Emergência Hipertensiva por Clonidina: Manejo Imediato

INEP Revalida - Exame Nacional de Revalidação de Diplomas Médicos — Prova 2024

Enunciado

Uma mulher de 42 anos é levada por familiares à emergência apresentando estado confusional e elevação importante da pressão arterial. Os familiares relatam que ela começou, recentemente, tratamento para hipertensão e que, nos últimos dias, tem se queixado de palpitações, cefaleia e sensação de cabeça leve.
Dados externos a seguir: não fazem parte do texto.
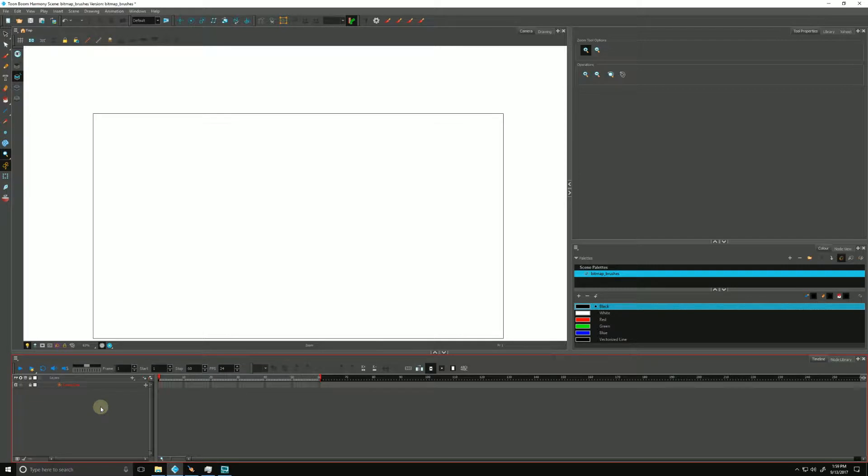In this video we will be discussing bitmap layers. Harmony allows us to use both vector and bitmap layers and combine the two to create a unique look for our animation. There are pros and cons to using each, and we will discuss them in this video.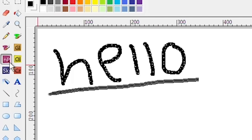So there you have it, everybody — a retrospective look at the development history of Windows 7 over the years. I hope you all enjoyed this video. If you did, definitely be sure to give it a like and get subscribed. And as always, thank you all so much for watching, and I will see you in the next video.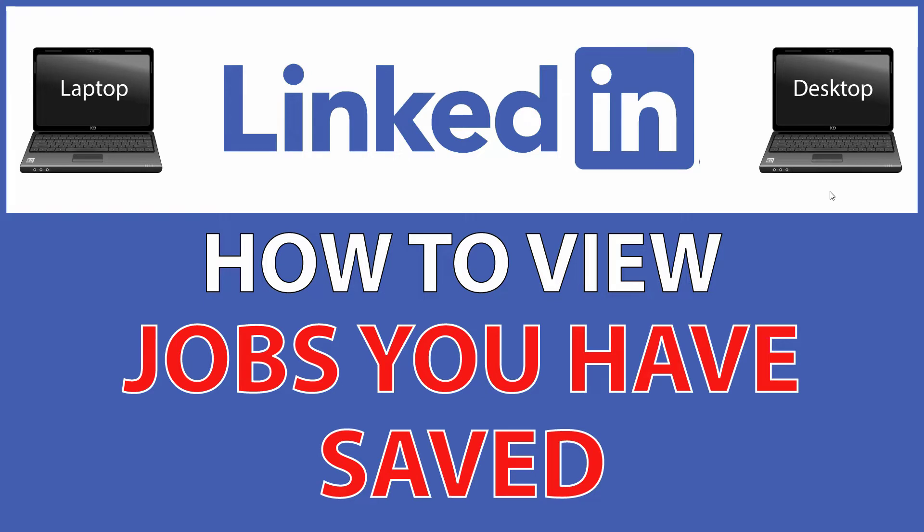This is going to be a video tutorial on how to view the jobs you have saved on LinkedIn. I'll be using a desktop PC for this.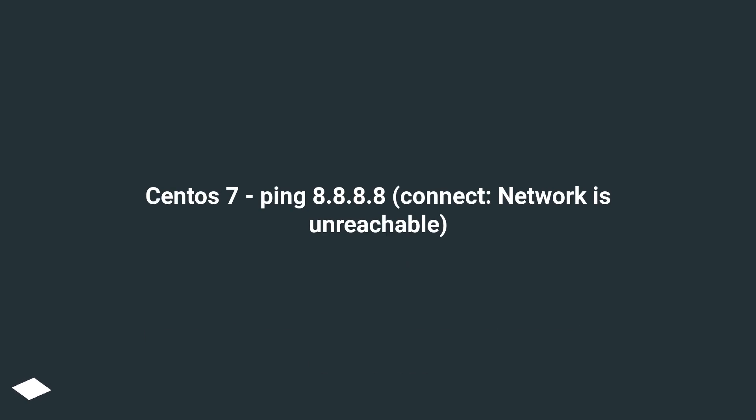CentOS 7, ping 8.8.8.8, connect, network is unreachable.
Atualmente, está utilizando metoprolol em substituição à clonidina, além de hidroclorotiazida e enalapril. Ao exame físico, apresenta-se agitada, confusa, com pupilas dilatadas e edema papilar, ela está sudoreica, com as extremidades apresentando discreto tremor e pulsos periféricos amplos, pressão arterial de 230 × 150 mmHg, frequência cardíaca de 115 batimentos por minuto e saturação de oxigênio de 89%. Realizada tomografia de crânio e coleta de líquor, cujos resultados não apresentaram evidências de hemorragia intracraniana ou de infecção. O resultado da pesquisa de drogas na urina foi negativo.Diante desse quadro, a conduta imediata mais adequada para essa paciente é

Alternativas

  1. A) transferi-la para a unidade de terapia intensiva, intubá-la e realizar exame para mensurar as enzimas cardíacas.
  2. B) monitorizá-la, puncionar acesso venoso calibroso, iniciar oxigenoterapia com máscara e administrar nitroprussiato de sódio por via intravenosa.
  3. C) interná-la em enfermaria, prescrever diuréticos, ansiolíticos, IECA ou BRA e betabloqueadores e solicitar ressonância magnética.
  4. D) acompanhá-la em enfermaria nas próximas 24 horas, aguardar melhora do quadro e encaminhá-la para atendimento ambulatorial.

Pérola Clínica

Retirada abrupta de clonidina → crise hipertensiva com hiperatividade simpática → Nitroprussiato de sódio IV.

Resumo-Chave

A retirada abrupta de clonidina pode causar uma crise hipertensiva de rebote devido à hiperatividade simpática. A paciente apresenta sinais de emergência hipertensiva (PA muito elevada, edema papilar, estado confusional), exigindo redução imediata da PA com anti-hipertensivos intravenosos, como o nitroprussiato de sódio.

Contexto Educacional

A emergência hipertensiva é uma condição grave caracterizada por elevação acentuada da pressão arterial (geralmente PA sistólica > 180 mmHg ou diastólica > 120 mmHg) associada a lesão aguda de órgão-alvo. A síndrome de abstinência de clonidina é uma causa clássica de emergência hipertensiva, ocorrendo pela interrupção abrupta do medicamento, que é um agonista alfa-2 adrenérgico central, levando a uma hiperatividade simpática de rebote. O quadro clínico é marcado por hipertensão grave, taquicardia, agitação, sudorese e, como no caso, sinais de encefalopatia hipertensiva (estado confusional, edema papilar). O diagnóstico diferencial inclui feocromocitoma e uso de drogas ilícitas, mas a história de interrupção da clonidina é chave. A conduta imediata visa a redução controlada da pressão arterial com agentes intravenosos de ação rápida e curta duração. O nitroprussiato de sódio é uma excelente escolha, pois permite um ajuste fino da PA. É crucial monitorar o paciente em ambiente de terapia intensiva para evitar a redução excessiva da PA, que pode levar à isquemia de órgãos.

Perguntas Frequentes

Quais são os sintomas da síndrome de abstinência de clonidina?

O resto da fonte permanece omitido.